Media exponents should be front and center to provide information of these basic principles. Schools should incorporate lessons into the curricula at all levels to develop awareness of these “life lessons.” However, it may be possible to promote ways to “live aloha” and taking care of our environment should be part of our daily lives. This is our shared kuleana — for residents and visitors alike! Let’s join forces and make every effort to prevent cruel and senseless acts like this from happening again. 

Jose Bulatao, Jr., Kekaha

School empowerment would improve state’s education system

More and more people are coming to the realization that Hawaii’s public school system is dysfunctional. The Department of Education has adopted an obsolete organizational model of command and control that has not kept up with how society has evolved and is not consistent with contemporary management principles.

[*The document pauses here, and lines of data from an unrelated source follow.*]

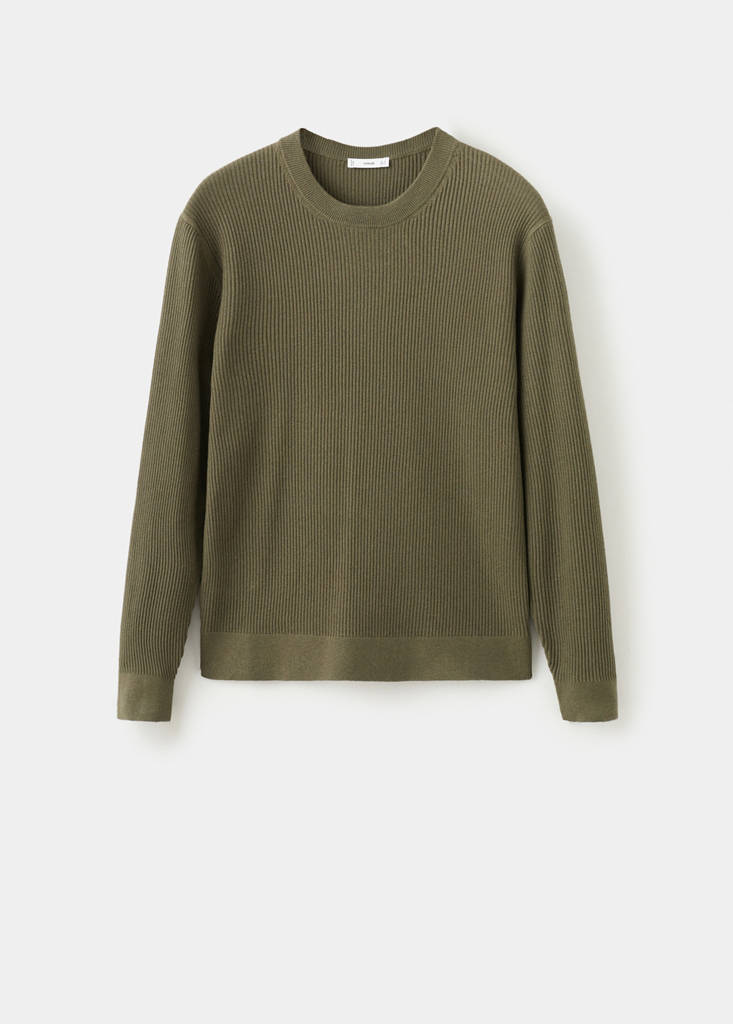 Fine rib-knit cotton sweater — Olive Green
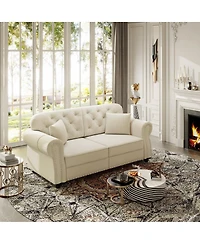 Maison Boucle Velvet Loveseat Sofa, Chesterfield Tufted Nailhead, Rolled Arms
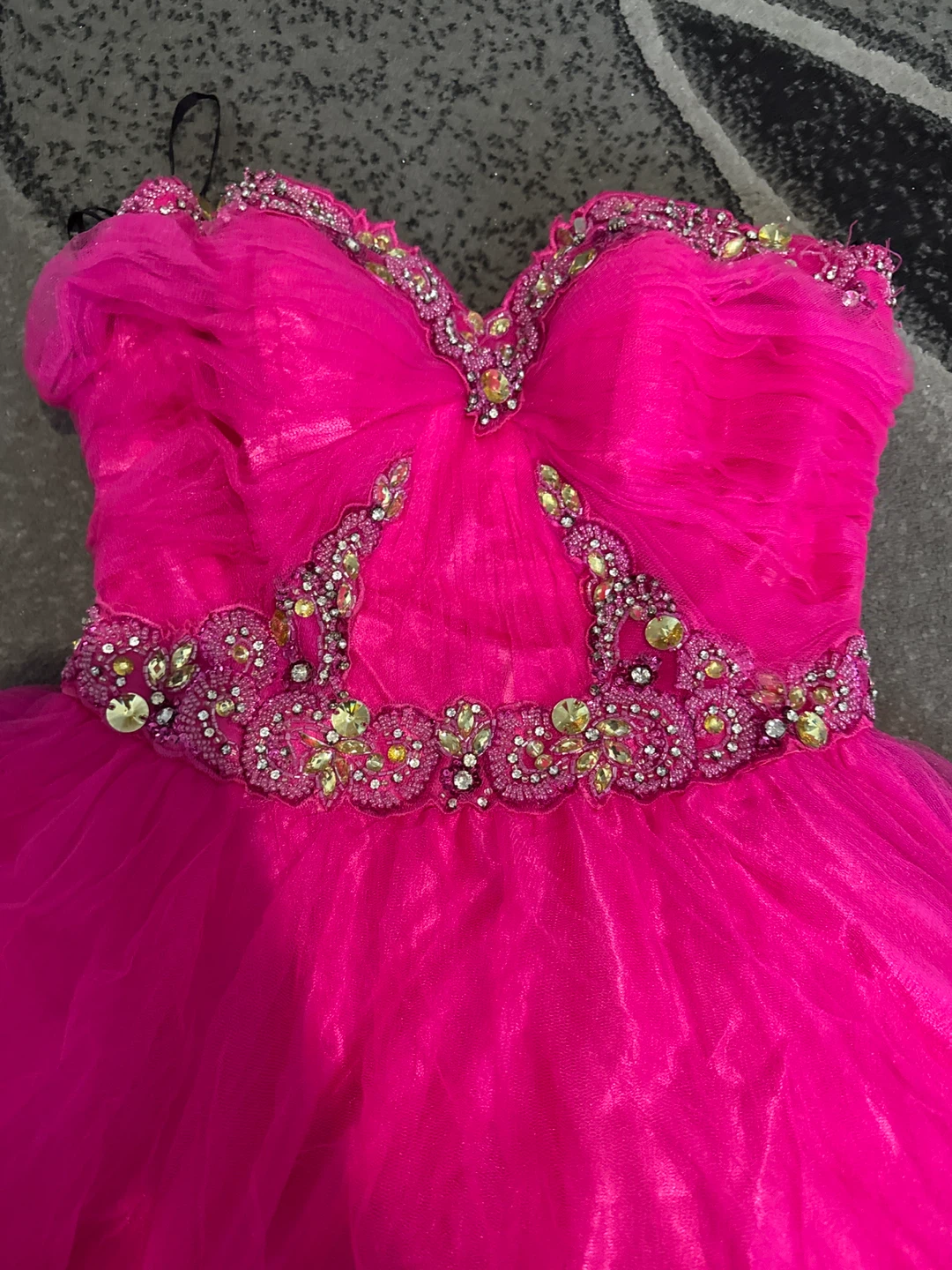 Sparkly Pink Strapless Prom Dress - photo 3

The central office of the DOE controls schools by issuing commands and principals and teachers must comply with the mandates. At every school, however, the principal and teachers know much more than those in the central office about their students and how best to educate them.

Principals and teachers often view the mandates as irrelevant to student learning. Yet, they have to comply with the seemingly endless stream of mandates, which detracts from fulfilling their educational responsibilities. It’s no surprise that their morale is at an all-time low.

No wonder Hawaii consistently ranks in the bottom 10 among all state school systems. Good people are working in a bad system.

School empowerment consists of organizing principles that are designed to change the culture of educational institutions, such as Hawaii’s DOE, by putting student learning at the center of all activities. School empowerment aligns the roles and responsibilities of all employees so that they are accountable in their own way for student learning.

School empowerment recognizes that at every school the principal and teachers know their students best, and they can best design the most effective educational program for them. Individual schools are given the majority of the responsibility for student learning. At each school, the principal is an educational leader who encourages and facilitates collaboration among teachers, other school staff, and other stakeholders. Through collaborative efforts, they determine the educational philosophy of the school, the curriculum, instructional methods, and how ancillary services support student learning.

School empowerment envisions a decentralized structure in which the role of the central office and its district offices is changed from one of command and control to that of support for the individual schools. As a group, the individual schools determine what they need from the central office.

School empowerment aligns resources with responsibilities. Most of the total budget for education is distributed equitably to the individual schools because that’s where learning takes place.

School empowerment consists of a set of principles that must be woven into the fabric of the organization. It is not a template that can be easily laid down. The process takes time and requires substantial effort by many people. Ultimately, however, school empowerment holds the promise of achieving excellence in education for Hawaii’s children. They deserve nothing less.